- ACTIVITY
Omit all pictures, then retype the data exactly as given.
Start of Block
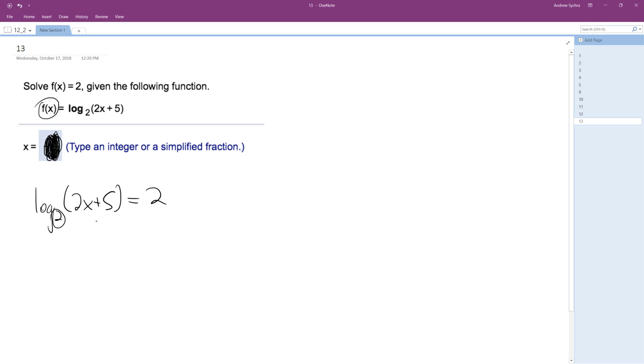So here's our base 2 and our exponent 2, so we get 2 raised to the 2. I'm rewriting this in exponential form, which is equal to 2x plus 5. So basically 2x plus 5 is equal to 4.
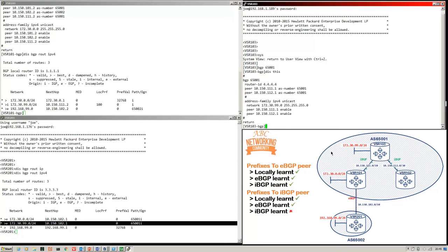Now, what about prefixes advertised to IBGP peers? This is where the IBGP design rules come in. Locally learned prefixes will be sent, eBGP-learned prefixes will be sent, but IBGP-learned prefixes will not be sent to IBGP peers. I've already shown you that locally learned prefixes will be sent to IBGP peers — 172.30.99 was being advertised down to VSR101 via an IBGP session.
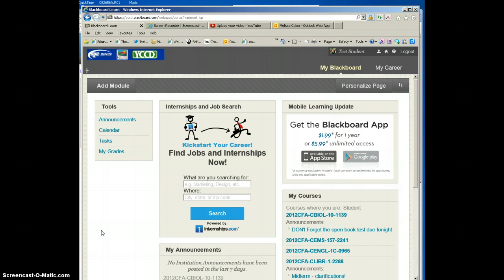I want to make sure you understand some of your instructors might be using the message center, that's an internal email messaging system, or they might be using the external email that goes to your YCCD email. If you know that your instructor is using the message center, you can go ahead and add this module. I would go ahead and add it anyway, just in case your different instructors might be using different systems, but at least you'll have it.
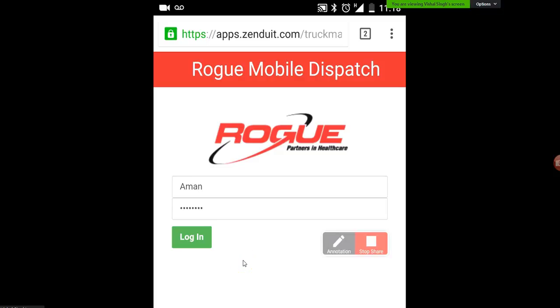In this video we'll review the Driver P&D Truckmate mobile app. This is the app that allows dispatchers to communicate directly with you.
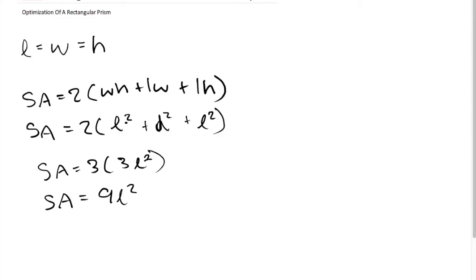Oh sorry, I made a mistake over here. Instead of a 3, it's a 2 outside the bracket. So instead of 9 it will be 6L² for the final surface area formula.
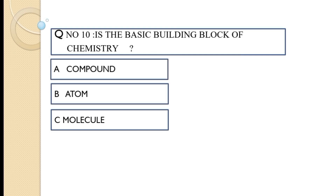Question number ten: which is the basic building block of chemistry? Option A: compound, option B: atom, option C: molecule. The correct answer is option B, atom. Thank you very much for watching this video.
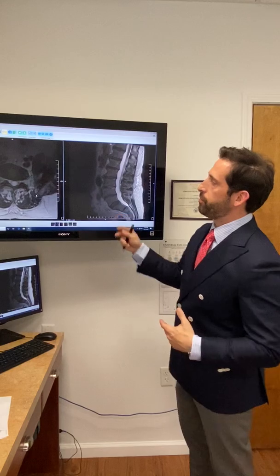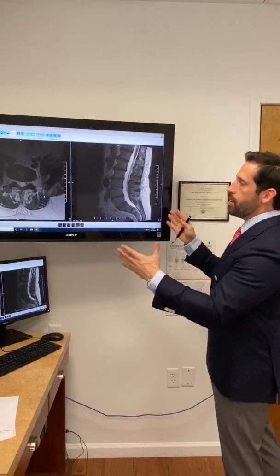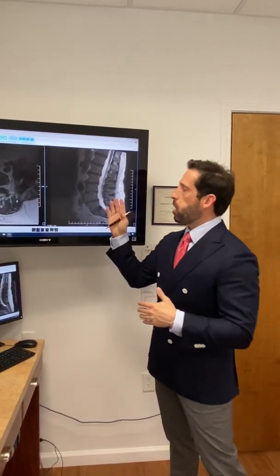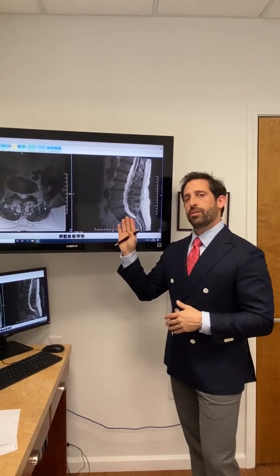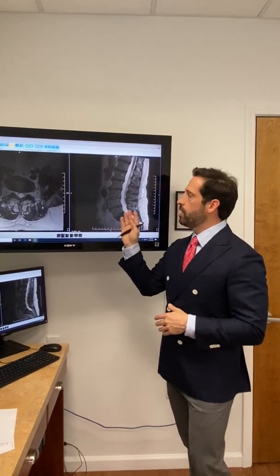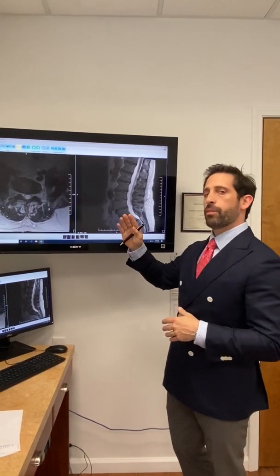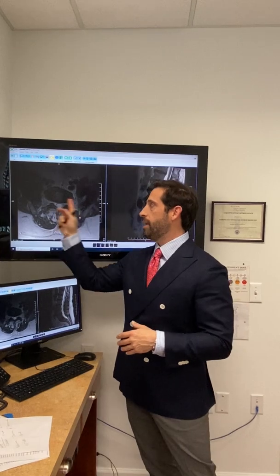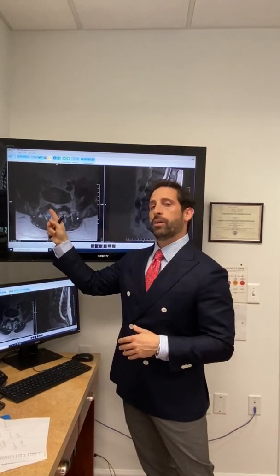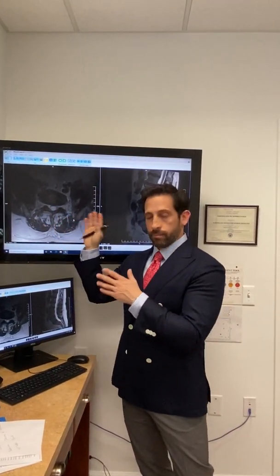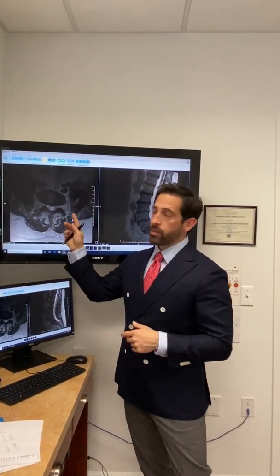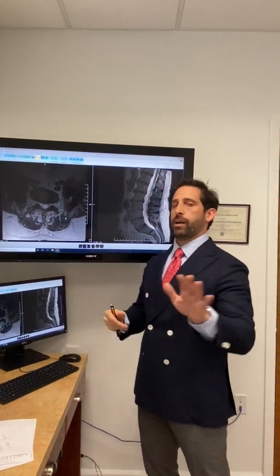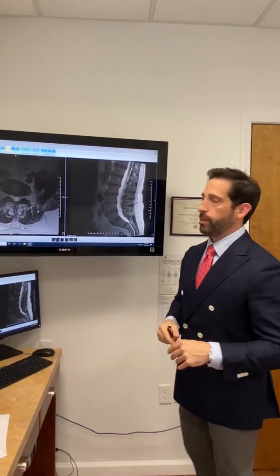Here you have two images of the same part of this person's body. On the image on the right, this is known as a sagittal image, or from the side. On your left, you're looking at an axial image of someone's lumbar spine — low back — but this time we're looking from the feet up.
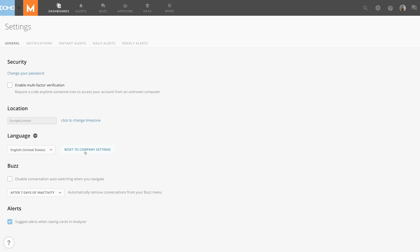Using Domo's language settings allows individuals and companies to work in their native languages and be more productive. Thank you.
End of Block
- PROBLEM SOLUTION
So here's our base 2 and our exponent 2, so we get 2 raised to the 2. I'm rewriting this in exponential form, which is equal to 2x plus 5. So basically 2x plus 5 is equal to 4.
Now, what about prefixes advertised to IBGP peers? This is where the IBGP design rules come in. Locally learned prefixes will be sent, eBGP-learned prefixes will be sent, but IBGP-learned prefixes will not be sent to IBGP peers. I've already shown you that locally learned prefixes will be sent to IBGP peers — 172.30.99 was being advertised down to VSR101 via an IBGP session.
I want to make sure you understand some of your instructors might be using the message center, that's an internal email messaging system, or they might be using the external email that goes to your YCCD email. If you know that your instructor is using the message center, you can go ahead and add this module. I would go ahead and add it anyway, just in case your different instructors might be using different systems, but at least you'll have it.
In this video we'll review the Driver P&D Truckmate mobile app. This is the app that allows dispatchers to communicate directly with you.
Oh sorry, I made a mistake over here. Instead of a 3, it's a 2 outside the bracket. So instead of 9 it will be 6L² for the final surface area formula.
Question number ten: which is the basic building block of chemistry? Option A: compound, option B: atom, option C: molecule. The correct answer is option B, atom. Thank you very much for watching this video.
Here you have two images of the same part of this person's body. On the image on the right, this is known as a sagittal image, or from the side. On your left, you're looking at an axial image of someone's lumbar spine — low back — but this time we're looking from the feet up.
Using Domo's language settings allows individuals and companies to work in their native languages and be more productive. Thank you.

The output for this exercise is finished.